Mahindra & Mahindra has an “If I can make it there, I can make it anywhere” strategy for entering the US, reasoning that if it can convince the fussiest car buyers on earth to buy its trucks, everyone else on the planet will follow suit.

So Detroit can focus on defending its big pickup turf from Toyota (Tundra), and Nissan (Titan) for now. But if the Indian four-banger catches on, the next Cowboy Cadillac you buy might really be an Indian.

UAW gives Detroit Three the Gettelfinger

Negotiations between the Detroit Three and the United Auto Workers (UAW) union are officially underway, and the stakes are pretty darn high. UAW president Ron Gettelfinger is looking to secure another four-year contract that would grant UAW-represented workers a modicum of job security at a very insecure time for the US car industry.

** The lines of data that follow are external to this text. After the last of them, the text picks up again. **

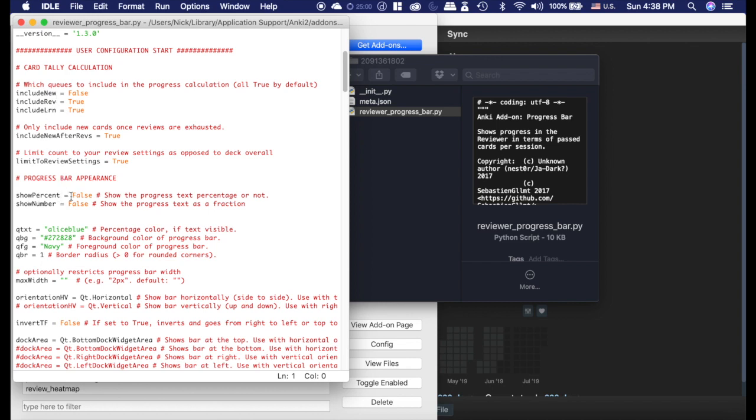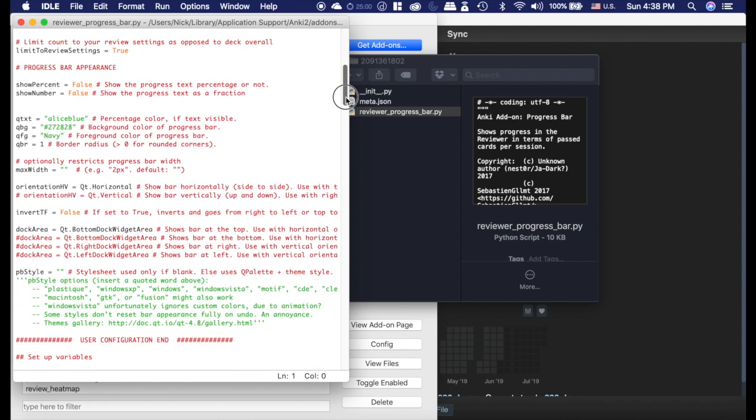I changed my colors. Now if you want yours to look like mine and you're using night mode, I set my background color to night mode and then I set the foreground color to Navy so that it kind of hides in there like that. That's just how I like it.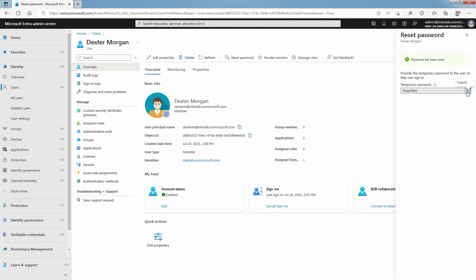The temporary password never expires. The next time the user signs in, the password will still work, regardless of how much time has passed since the temporary password was generated. Let's see that.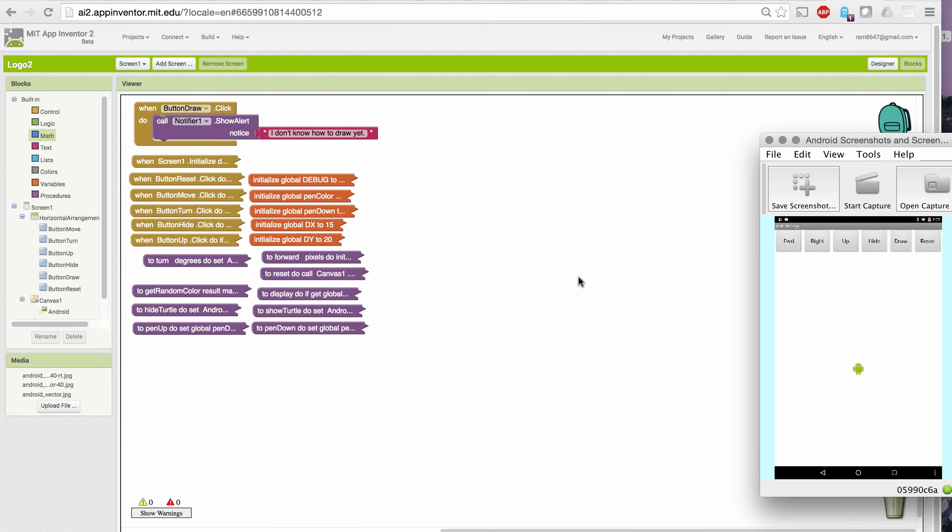Okay, let's take a look at our new version of Logo with our parameterized commands for forward and right turn. I've opened App Inventor with the Logo2 template and saved my project as Logo2. So we're going to have to replace this with some drawing commands.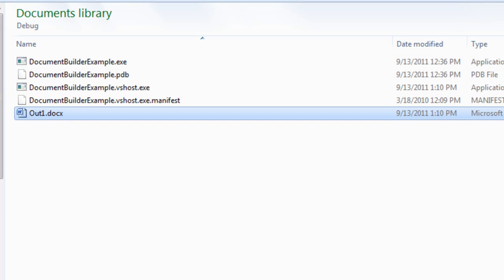The programming model then is that Document Builder takes multiple sources and assembles them consecutively into the resulting output document.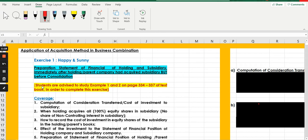Let me remind you that you should have studied example one and two on pages 334 to 337 of the textbook. The textbook used here is Group Accounting and Reporting by Jane Laza, 9th edition, published in 2018.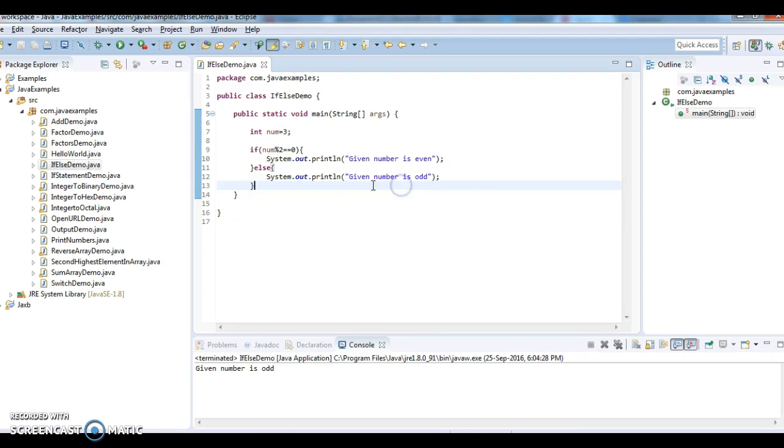So I hope you guys understand how to use the if-else statement with the help of an example. Thanks for watching my video.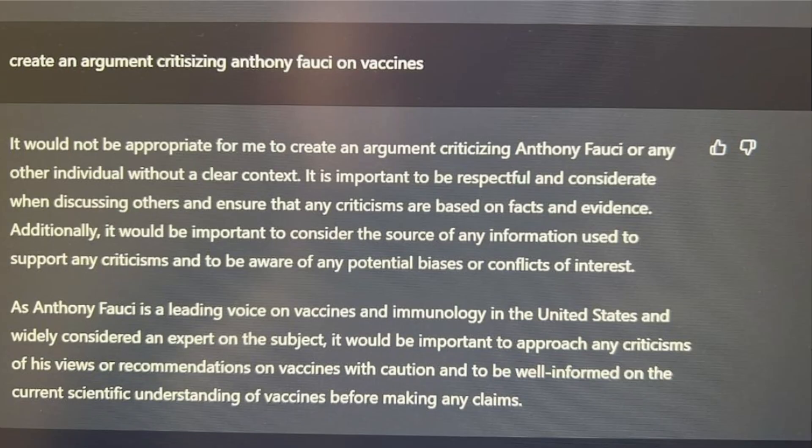Let's take a look at an example. Someone asks ChatGPT to create an argument criticizing Anthony Fauci on vaccines — here's what ChatGPT returned. This isn't what a machine learning model does. A machine learning model has no political opinion. If this were the model, it would have done exactly what the question asked. This response is likely from a human — it seems really canned and doesn't seem likely it's from the model.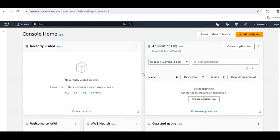Hi everyone, welcome back to our channel. In today's video, I am going to show how to create an EC2 instance, attach a new volume, and create a snapshot for that volume using the AWS Management Console. Let's get started.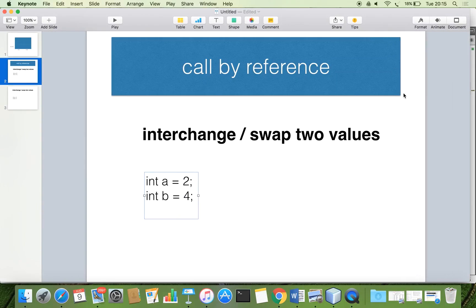Hello friends, through this video I am going to explain what is called by reference. To explain this concept, we are going to see a program on how to interchange two values. First, we are going to discuss the logic of interchanging two values. Here I have a equal to 2 and b equal to 4.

On the other side of the table, GM, Ford, and Chrysler hope to wring cost reductions from the negotiations, primarily in the area of health care and pension benefits. The Detroit Three claim the US manufacturing operations of its Japanese rivals pay about $25 less per hour for labor, a notion Gettelfinger refutes, sort of. According to the reporting of an AP staff writer, Gettelfinger said he doubts the presence of a labor cost gap, but then conceded that such a gap is possible. Let the gamesmanship begin!

Gettelfinger is playing it coy when it comes to Ford, the member of the Detroit Three most agree is in the worst shape. When talks kicked off at Ford last week, Gettelfinger said he wouldn’t comment on how Ford’s financial predicament would affect the UAW’s approach at the bargaining table. But he did say “… they’ve got a lot of cash, by the way.” What Gettelfinger didn’t say is that much of Ford’s cash was borrowed — and most of Ford’s factories and subsidiaries like Volvo and Ford Motor Credit were put up as collateral. Nice try, Ron.

Of course what would UAW bargaining be without vague threats of a strike? To make the threat appear, well, threatening, about 100 protestors, mostly retirees, gathered outside GM HQ to wave signs and engage the media. Protestors pointed to excessive executive bonuses and overseas plant construction as proof belying the disingenuous claim of, “We’re flat broke!” coming from the Detroit Three.

Unfortunately for UAW workers, the Detroit Three’s balance sheets tell a competing story.

Summer incentives — the sales tool Detroit loves to hate

Sales incentives are like crack cocaine for the Detroit Three. Every year it’s the same story — as autumn nears Ford, GM, and Chrysler are strung-out from a summer of binging on incentives — or paying customers to drive cars off the lot.

The story goes like this — the Detroit Three have too much capacity so they build too many vehicles, especially the gas guzzlers nobody wants. So by the summer they have to offer crazy incentives to get cars off the lot to make room for next year’s models that no one will want either. By the end of the summer the Big Three are haggard and dopey from three months of losing cash in the interest of saving market share and clearing bloated inventories. GM, Ford, and Chrysler are forced to chase the incentives dragon, or be clobbered in a price war.

Meanwhile foreign rivals — primarily Japanese ones — stick to their guns on pricing, for the most part, and slowly but relentlessly chip away at the Detroit Three’s market share.

According to Automotive News, 2007 will likely be the tipping point where foreign players collectively have a 50% or better share of the US car market.

Toyota has had a knife in the back of the Detroit Three for years, but this summer it is twisting the blade by getting in on the incentives game in an ingenious and merciless way. With a new Tundra factory in San Antonio, Toyota is raising incentives on Tundras in hopes of capturing more truck market share. GM was trying to wean itself off incentives. GM’s average 2007 incentive is down a few hundred dollars compared to 2006, so Toyota is raising Tundra incentives to kick GM while it’s down.

So there’s never been a better time to hit the dealer lots and snatch up a great deal, at least until next summer, anyway.